- Opening Delimiter -

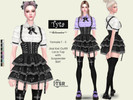 Sims 4 — TYTA - Top and Skirt Outfit by Helsoseira — Style - Jirai Kei lace up suspender skirt with lace top outfit.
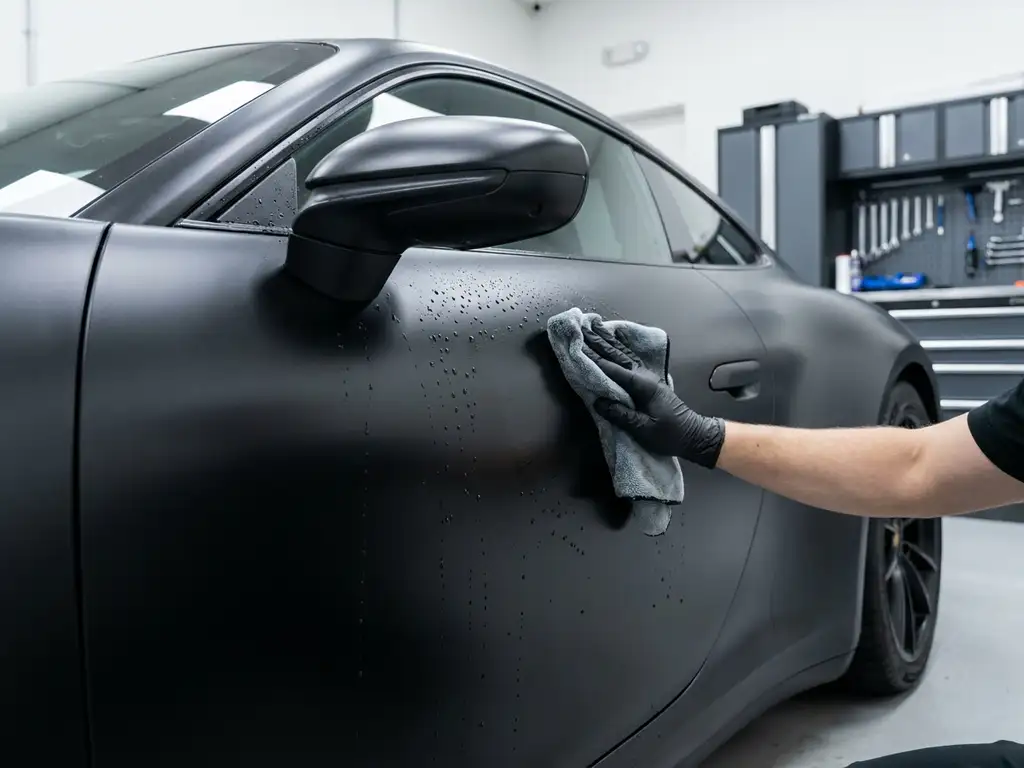 Matte zwarte vinylwrap op sportwagen handmatig gewassen met microvezeldoek, waterparels op glanzend oppervlak in professionele werkplaats.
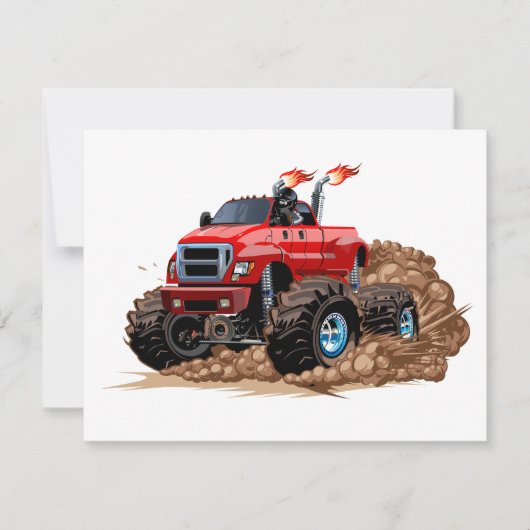 Cartoon monstertruck feestdagenkaart (Voorkant)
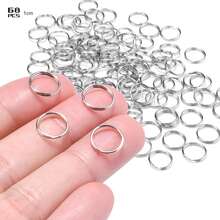68pcs Jump Rings For Jewelry Making, O-Ring Connectors, Double Loop, Forked Jump Rings, Tiny Key Rings, For Necklaces, Bracelets, Earrings, DIY Crafts, Car & Office Key Accessories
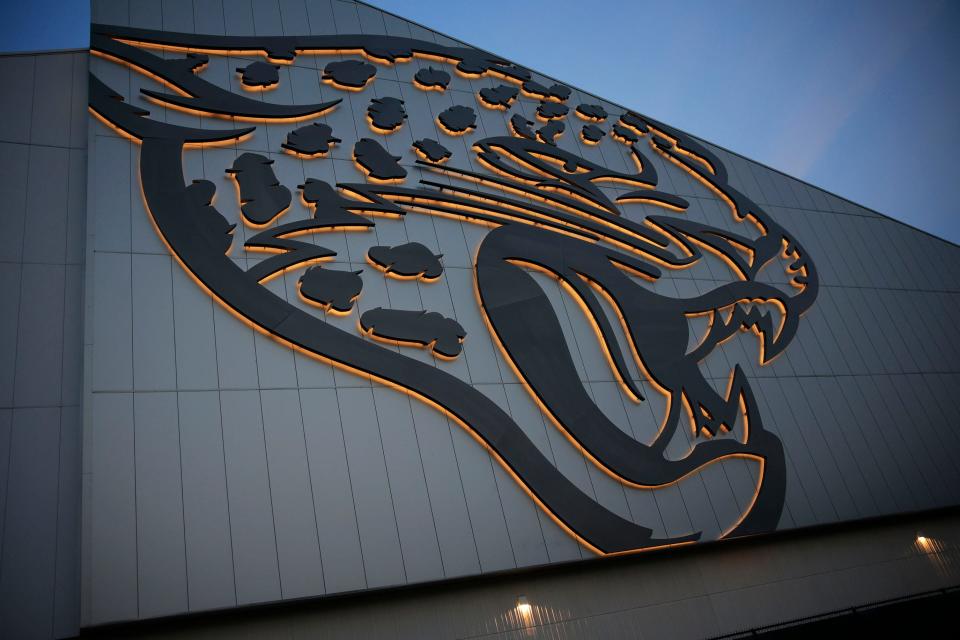 The new logo for the Jacksonville Jaguars hangs on the exterior of the indoor football field at the newly-opened Miller Electric Center practice facility at EverBank Stadium Wednesday, July 19, 2023 in Jacksonville.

- Closing Delimiter -

Problem to work on =
Produce an exact copy of only those lines that run from the line with "68pcs Jump Rings" to the final line of the records, including both; exclude images.

Solved exercise =
68pcs Jump Rings For Jewelry Making, O-Ring Connectors, Double Loop, Forked Jump Rings, Tiny Key Rings, For Necklaces, Bracelets, Earrings, DIY Crafts, Car & Office Key Accessories
 The new logo for the Jacksonville Jaguars hangs on the exterior of the indoor football field at the newly-opened Miller Electric Center practice facility at EverBank Stadium Wednesday, July 19, 2023 in Jacksonville.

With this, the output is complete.